***** Source data

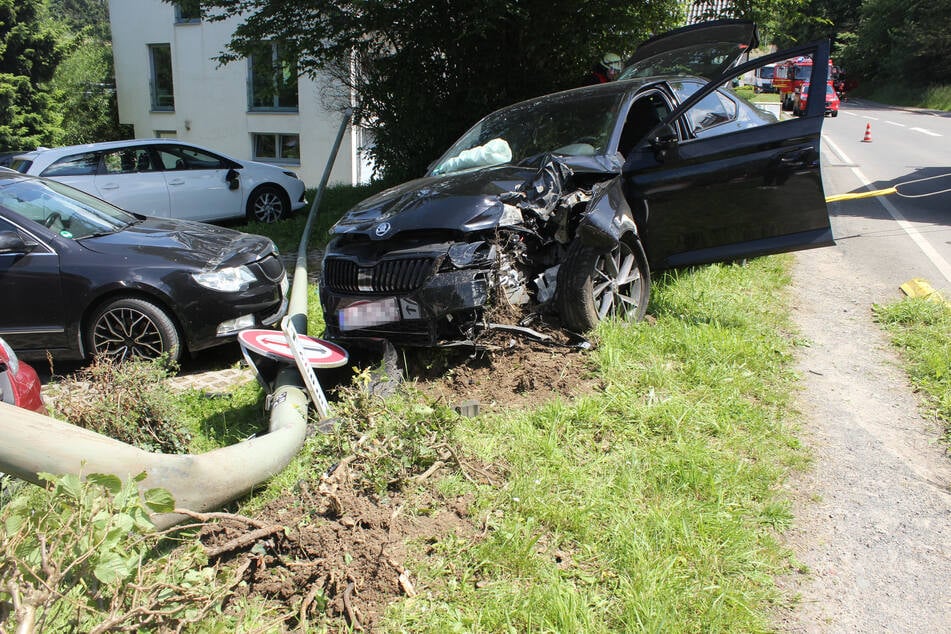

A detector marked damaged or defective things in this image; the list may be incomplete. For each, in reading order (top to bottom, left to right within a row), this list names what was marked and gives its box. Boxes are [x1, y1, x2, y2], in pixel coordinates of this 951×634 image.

bent pole [0, 108, 356, 528]
crashed black car [320, 22, 832, 346]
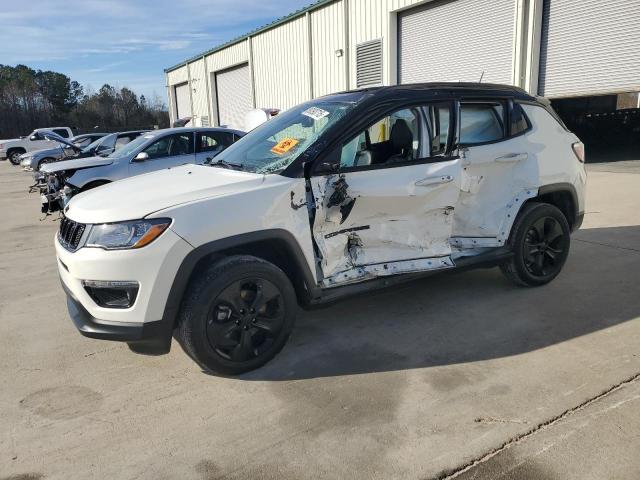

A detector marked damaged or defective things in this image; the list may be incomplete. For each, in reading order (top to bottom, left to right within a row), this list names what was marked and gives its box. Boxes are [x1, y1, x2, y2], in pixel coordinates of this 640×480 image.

damaged car in background [37, 126, 245, 213]
damaged car in background [53, 83, 584, 376]
damaged suv [57, 83, 588, 376]
dented rear door [308, 103, 462, 286]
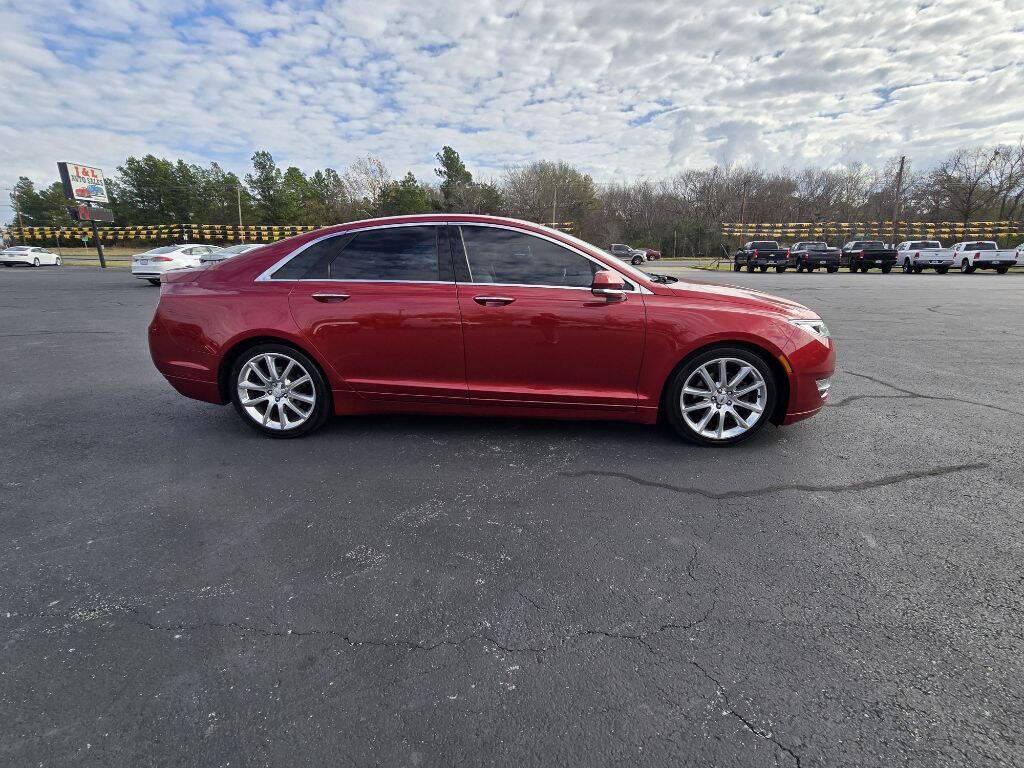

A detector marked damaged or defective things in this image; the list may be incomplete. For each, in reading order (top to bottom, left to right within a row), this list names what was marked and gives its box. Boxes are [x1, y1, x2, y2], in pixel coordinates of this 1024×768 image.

crack in asphalt [843, 370, 1024, 417]
patched asphalt [2, 266, 1024, 768]
crack in asphalt [557, 460, 987, 501]
crack in asphalt [692, 663, 802, 768]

**********

Task objective ->
Please retype every record above exactly, leaving out the pictures.

Task response ->
A detector marked damaged or defective things in this image; the list may be incomplete. For each, in reading order (top to bottom, left to right within a row), this list names what was marked and gives its box. Boxes are [x1, y1, x2, y2], in pixel coordinates of this 951×634 image.

bent pole [0, 108, 356, 528]
crashed black car [320, 22, 832, 346]

A detector marked damaged or defective things in this image; the list may be incomplete. For each, in reading order (top to bottom, left to right within a row), this list names what was marked and gives its box. Boxes are [x1, y1, x2, y2], in pixel coordinates of this 640×480 image.

damaged car in background [37, 126, 245, 213]
damaged car in background [53, 83, 584, 376]
damaged suv [57, 83, 588, 376]
dented rear door [308, 103, 462, 286]

A detector marked damaged or defective things in this image; the list may be incomplete. For each, in reading order (top to bottom, left to right within a row), this list names what was marked and gives its box. Boxes are [x1, y1, x2, y2], in pixel coordinates of this 1024×768 image.

crack in asphalt [843, 370, 1024, 417]
patched asphalt [2, 266, 1024, 768]
crack in asphalt [557, 460, 987, 501]
crack in asphalt [692, 663, 802, 768]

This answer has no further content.